2004年に設立された、NPO法人・本屋大賞実行委員会が運営する文学賞である。 一般に、日本国内の文学賞は、主催が出版社であったり、選考委員が作家や文学者であることが多いが、本屋大賞は、「新刊を扱う書店の書店員」の投票によってノミネート作品および受賞作が決定される。


<あらすじ>

若くして余命を告げられた主人公の雫は、瀬戸内の島のホスピスで残りの日々を過ごすことを決め、穏やかな景色のなか、本当にしたかったことを考える。

ホスピスでは、毎週日曜日、入居者がリクエストできる「おやつの時間」があるのだが、雫はなかなか選べずにいた。すべての人にいつか訪れることをあたたかく描き出す、今が愛おしくなる物語。

<感想>

涙が止まりませんでした。
主人公の雫がまだ30代であったこと、また独身でかつもう家族が少なかったことに、同情したからではありません。

なぜおやつなのか?と思われますでしょ?
人は自分の一生を、偏った記憶から紡ぎ出していくのではないでしょうか。そこで再現できるその時の味、おやつを味わう。他の入居者の思い出の味も思い出とともに味わいながら物語は進んでいきます。おやつに限らず、特にお粥の描写は、食べていないこちらまで力が湧きそうな、小川さんならではのものです。技いらずですもの、トッピング工夫してことこと、お粥さんを作りたくなりますよ。

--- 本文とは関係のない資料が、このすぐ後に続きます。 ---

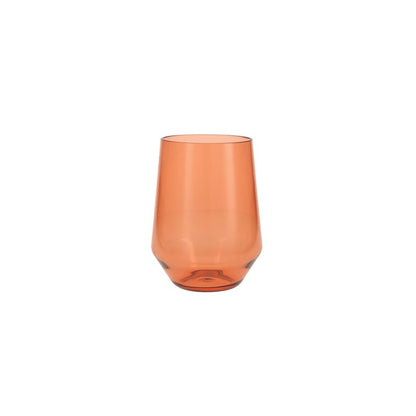 Fortessa Sole Outdoor Shatter Resistant BPA Free Premium Copolyester Plastic Drinkware 6 Pack, Sage Green, Stemless Wine Glass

将来の現実的な不安に囲まれている若い人には、死が近いものでなくても、「人の幸せとはどれだけ周りの人を笑顔にできたかであるのでは」を、きれいごとではなく感じられることと思います。家族の介護など、その時をやり過ごすことに精一杯の方々には、後に介護が終わりぽっかり穴が空いた時に、誰かの死に寄り添えたことに誇りを持てて、ふっと救ってくれるような本だと思います。去年祖母を見送る母の姿を見ていてそう感じました。この世にはもういない人達との雫との会話は、誰かに当てはまりそうです。みんなが生まれた時から死まで平等ではないと、最初は少し角度が違うくらいだから気づかずにいたその道を貫かなければならない人生を、人生ままならないことばかりと感じている気持ちを、その障害乗り越える楽しさまでは得る方法を得られる!は大袈裟ですが、自分の強さを発見できて、捨て鉢ではない良い意味での「なるようになる」気持ちにさせてくれる本ですよ。

一時期「頑張って」と励ますことをためらう風潮がありました。もう十分頑張っている人に、さらにがんばれと言うことは追い詰めるだけだから、頑張ってという言葉は使わない方がいいと言われていました。大人になりすぎたせいか頑張れ!と言ってくれる人がいなくなったけれど、このがんばれ!が好きな私は作者とつながったようで、うれしい気持ちになりました。第一の幸せになれる方法は、まず美味しいものを笑って食べる。これからならできそう!そして、この本に出逢えたから、作り笑顔ではなく周りの人たちを幸せにできそう!

毎日をもっと大切にしたくなる物語でした。